Treatments for medical problems have been used since the beginning of human civilization. While many illnesses were thought to be the work of supernatural forces, various ancient civilizations created unique systems for treating individuals using, among other things, herbal remedies.
Despite a lack of scientific knowledge and use of modern technology, many of these early remedies were useful and are still currently used. The beginning of pharmacy practice goes back as far as the Middle Ages. However, the industry we know had its roots in the 19th century.
Since then, it has become one of the most profitable and influential industries. In the past, many drugs were discovered by accident or through the identification of an active ingredient used in traditional remedies.

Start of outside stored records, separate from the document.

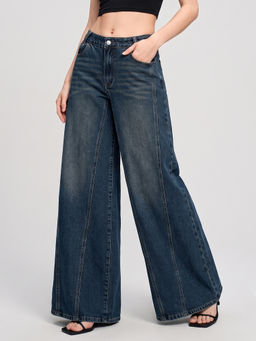 MIXT by Nykaa Fashion - Women Navy Blue High Waist Stretchable Vintage Wash Denim Jeans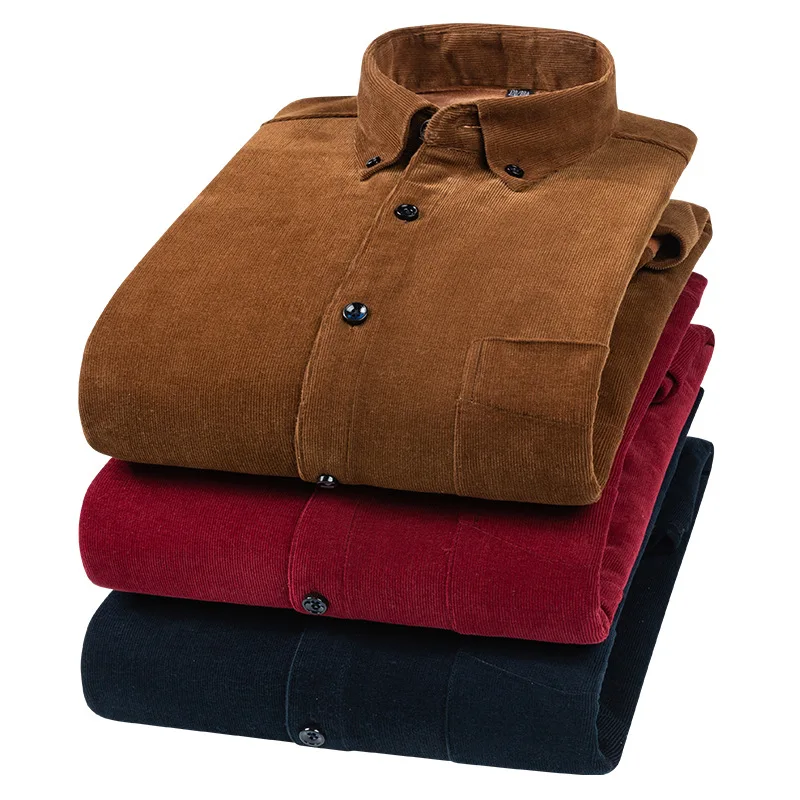 

Corduroy warm thickened 100% cotton Casual Plus Size Men's Shirts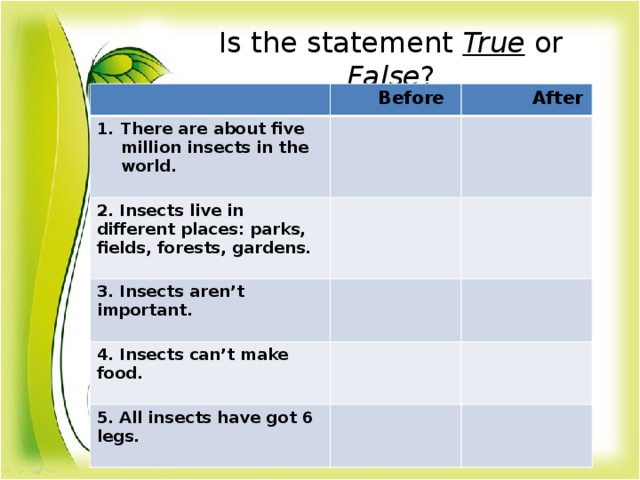 Is the statement True or False ?  Before There are about five million insects in the world.  After 2. Insects live in different places: parks, fields, forests, gardens. 3. Insects aren’t important. 4. Insects can’t make food. 5. All insects have got 6 legs.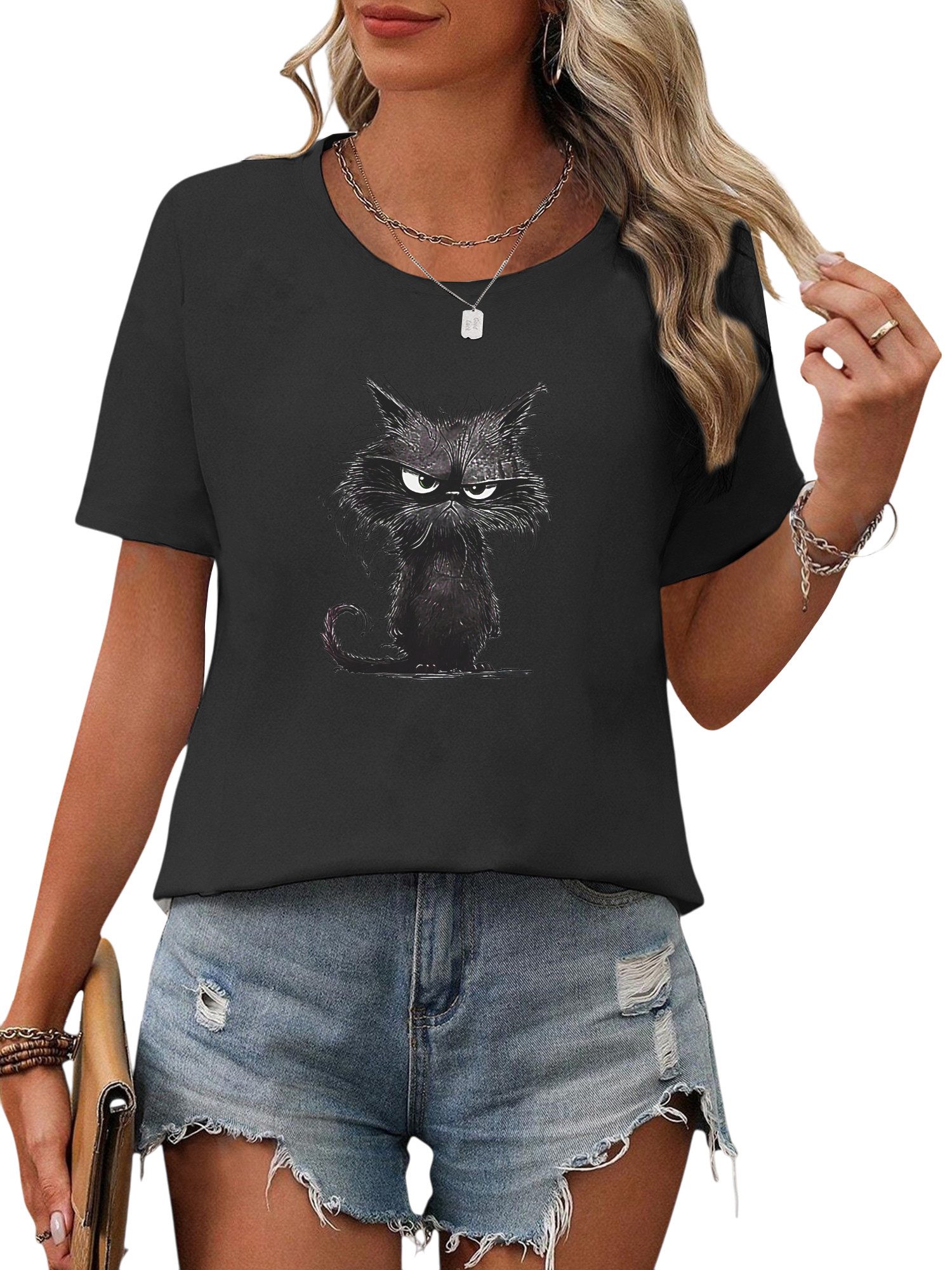 PYL Kurzarmbluse Damen Bequemes Sommer Kurzarmbluse günstig online kaufen
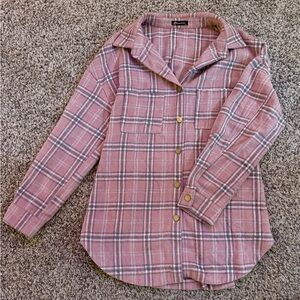 Brand new Pink Plaid Shacket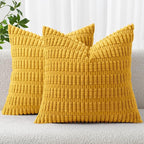 MIULEE Decorative Throw Pillow Covers 20x20 Mustard Yellow Pack of 2 | Soft by MIULEE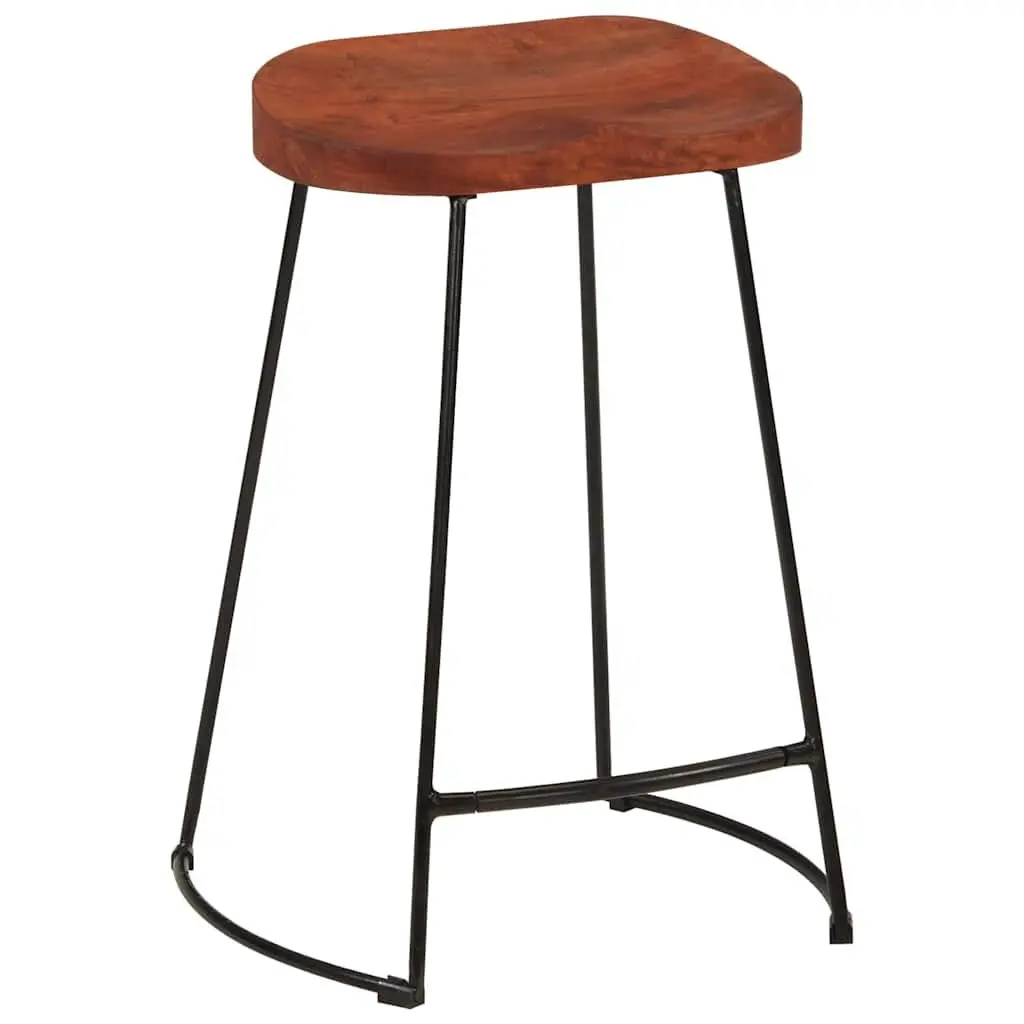 Bar Stools Solid Mango Wood Brown Retro 2 Piece Kitchen Counter Seating Furniture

The pharmaceutical industry of the 21st century chooses a different approach, attempting to understand disease and infection at the molecular and physiological level and then targeting the development of drugs based on this knowledge.
The marriage of experimentation and the Industrial Revolution was likely first undertaken by Merck in Germany as they moved toward the manufacturing and selling of alkaloids. As the industry and their profits grew, George Merck, founder of Merck, declared:
“We try never to forget that medicine is for the people. It is not for the profits. The profits follow, and if we have remembered that, they have never failed to appear. The better we remember it, the larger they have been.”
History of FDA commissioners and Big Pharma
Merck’s statement from 1950 continues to resonate within the industry as Big Pharmamanufacturers, markets and sells medicines to the people and for the people, raking in profits that far outweigh the benefits most experience. This is counter to the role given to the U.S. Food and Drug Administration to protect:
“[The] public health by ensuring the safety, efficacy, and security of human and veterinary drugs, biological products, and medical devices; and by ensuring the safety of our nation’s food supply, cosmetics, and products that emit radiation.”
After leaving the top leadership position at the FDA, nine out of the last 10 commissioners in the past 33 years have gone on to work for pharmaceutical companies.
This stretch began when Arthur Hayes went on to join E.M. Pharmaceuticals in 1986 after resigning as commissioner in 1983. The last to join this group is the most recent FDA commissioner, Scott Gottlieb, who just announced he is joining Pfizer as a member of their board.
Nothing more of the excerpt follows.